**What is required**
Below are some records. Return exactly their lines from the one containing "Bild 2 von 35" through the one containing "Grey And White", and drop the pictures.

Captioned web image data
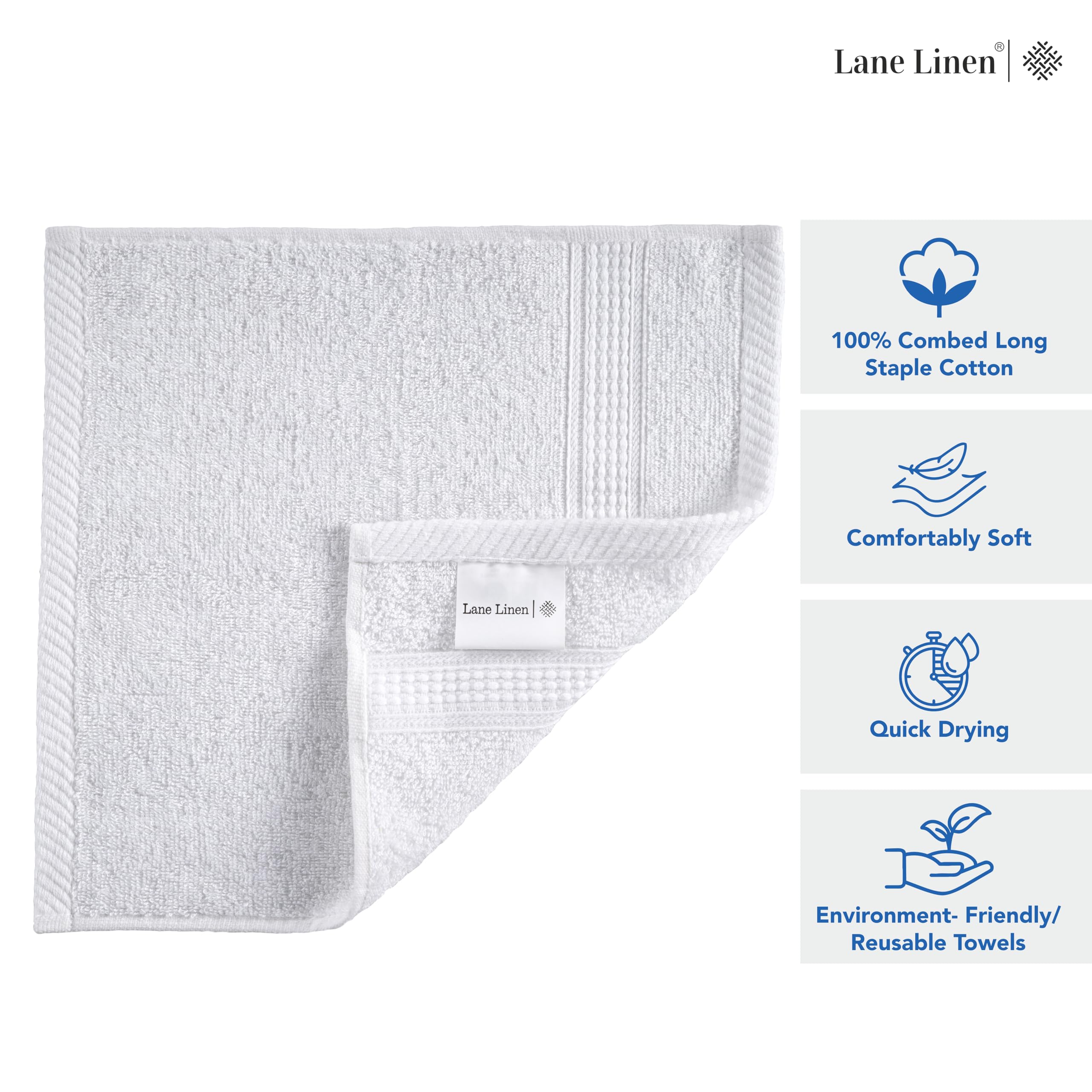Foto 6 | Paquete De 24 Paños Lane Linen, 100% Algodón, 33 X 33 Cm, Color Blanco - Venta Internacional.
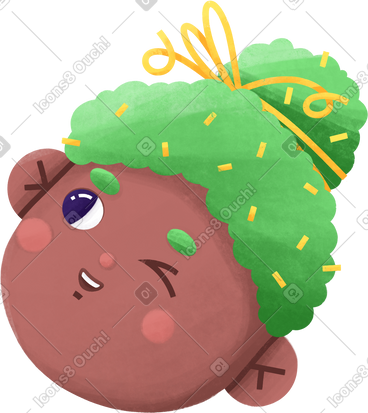 Girl with curly hair winks PNG, SVG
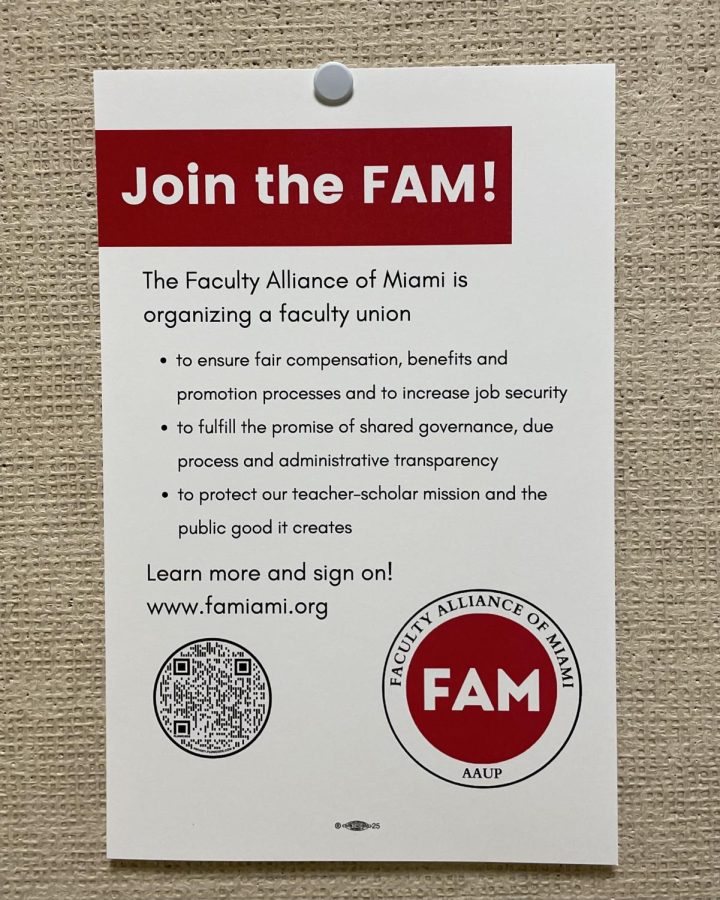 The Faculty Alliance of Miami (FAM) campaign kicked off on Feb. 2, with fliers put up around campus. 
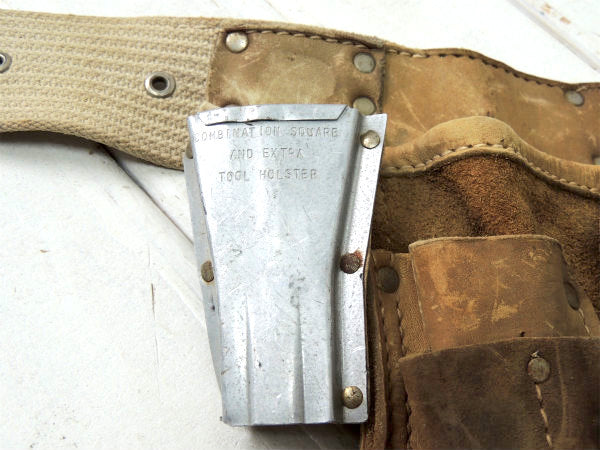 スエード製・10ポケット・ヴィンテージ・カーペンターエプロン/ツールエプロン/工具エプロン USA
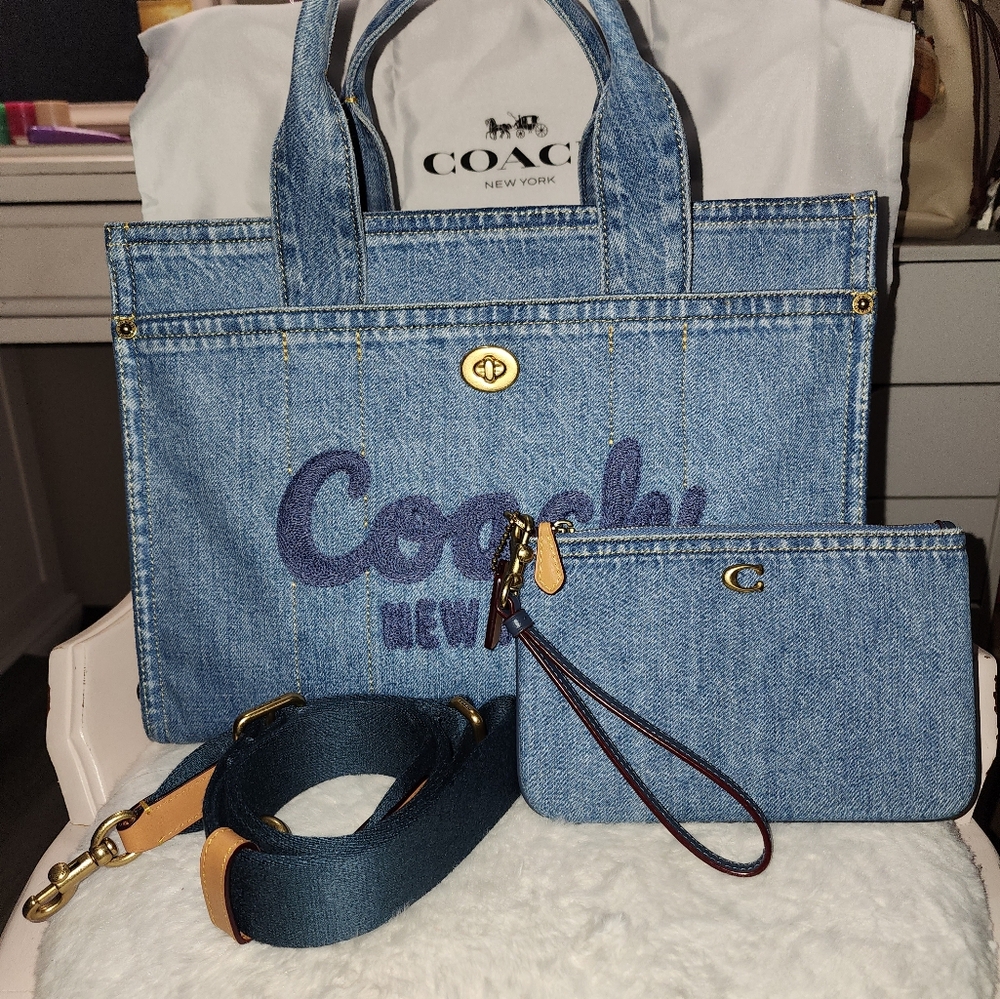 Coach denim bag with pouch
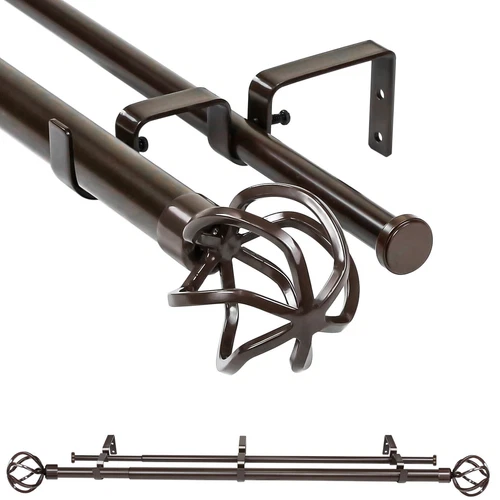 1" gedrehte Kugel Enden verstellbar Doppel Gardine Gardinenstange Set, 28" - 120" - Bild 2 von 35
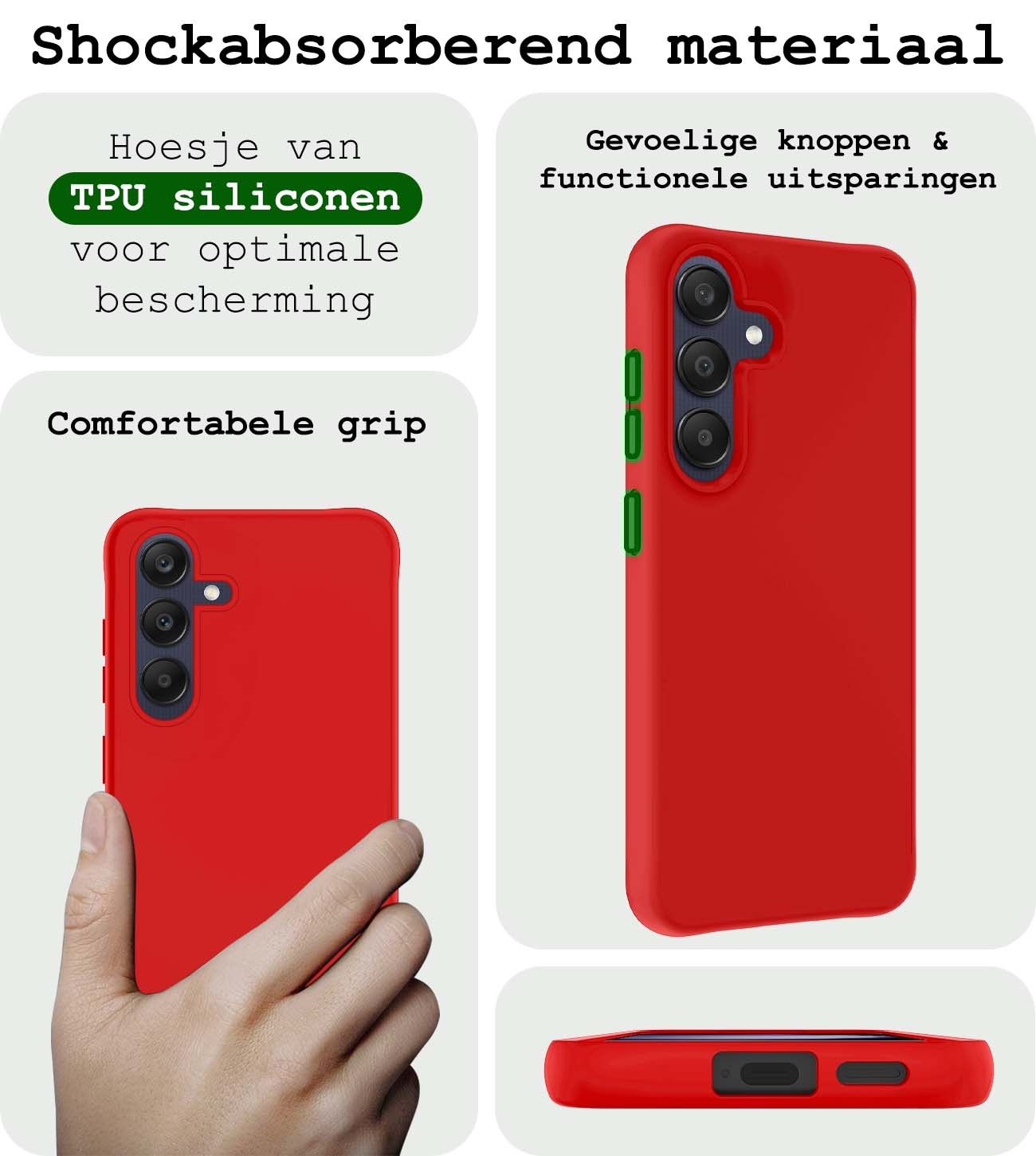 BASEY. Hoes Geschikt voor Samsung A25 Hoesje Siliconen Back Cover Case - Hoesje Geschikt voor Samsung Galaxy A25 Hoes Cover Hoesje - Rood - 2 Stuks
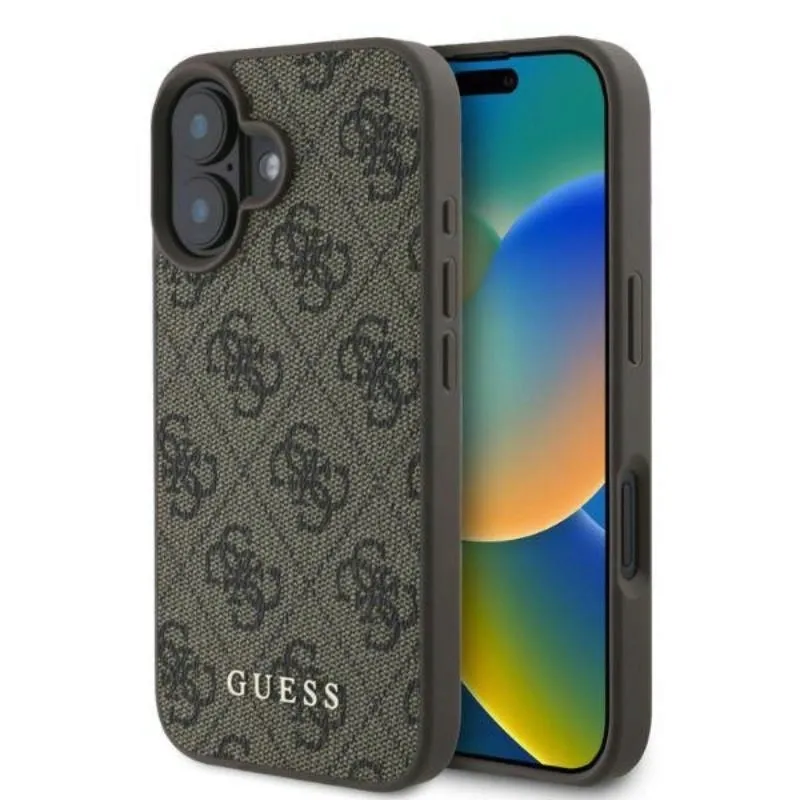 guess-4g-classic-etui-iphone-16-brazowy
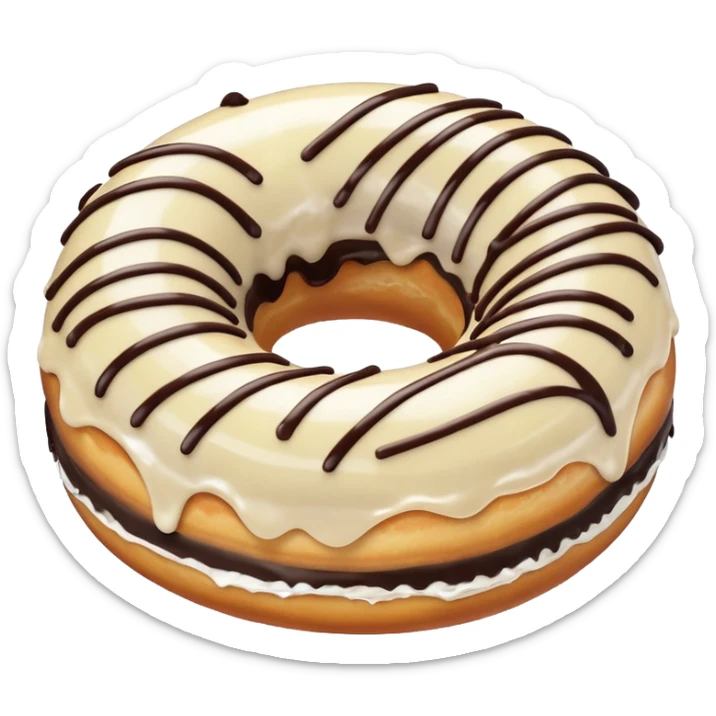 A vanilla frosted donut with WHITE FROSTING and chocolate swirls sticker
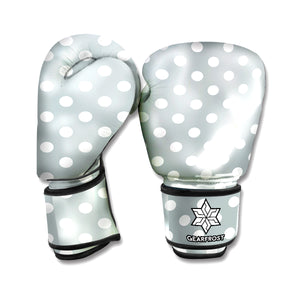 Grey And White Polka Dot Pattern Print Boxing Gloves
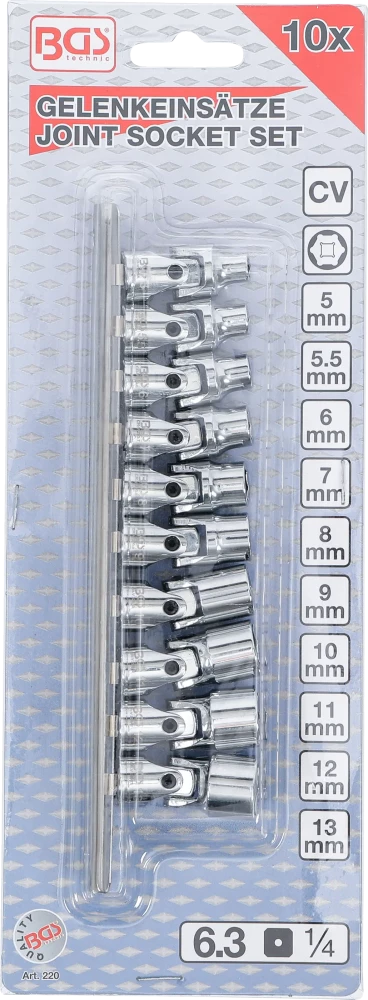 Conjunto de chaves de caixa articuladas | Entrada de quadrado interno de 6,3 mm (1/4") | 5 - 13 mm | 10 peças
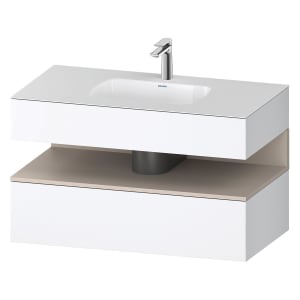 Duravit Qatego Einbauwaschtisch mit Konsolenwaschtischunterbau 100 x 60 cm, 1 Auszug, mit LED Beleuchtung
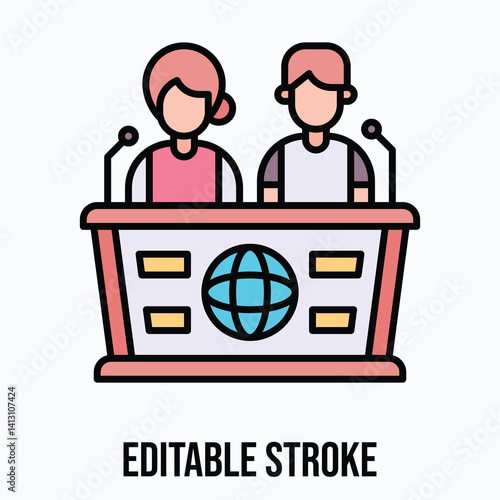 a man and woman press conference Vector icon, Filled Style Isolated Vector Icon. Editable Stroke. 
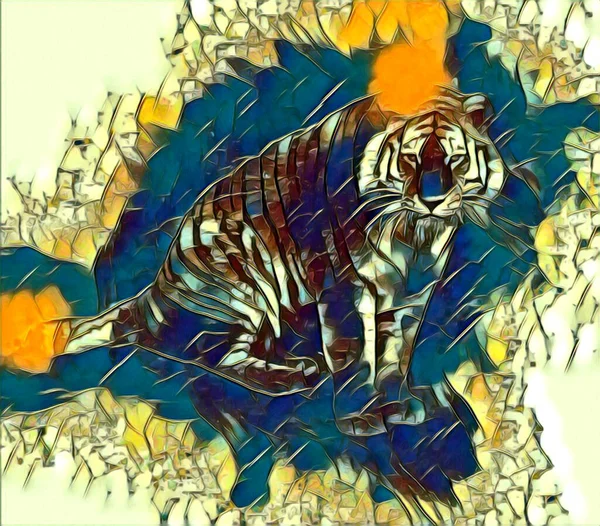 Tiger Art Illustration Drawing Painting Retro Vintage Animal — Foto de Stock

**Exercise solution**
 1" gedrehte Kugel Enden verstellbar Doppel Gardine Gardinenstange Set, 28" - 120" - Bild 2 von 35
 BASEY. Hoes Geschikt voor Samsung A25 Hoesje Siliconen Back Cover Case - Hoesje Geschikt voor Samsung Galaxy A25 Hoes Cover Hoesje - Rood - 2 Stuks
 guess-4g-classic-etui-iphone-16-brazowy
 A vanilla frosted donut with WHITE FROSTING and chocolate swirls sticker
 Grey And White Polka Dot Pattern Print Boxing Gloves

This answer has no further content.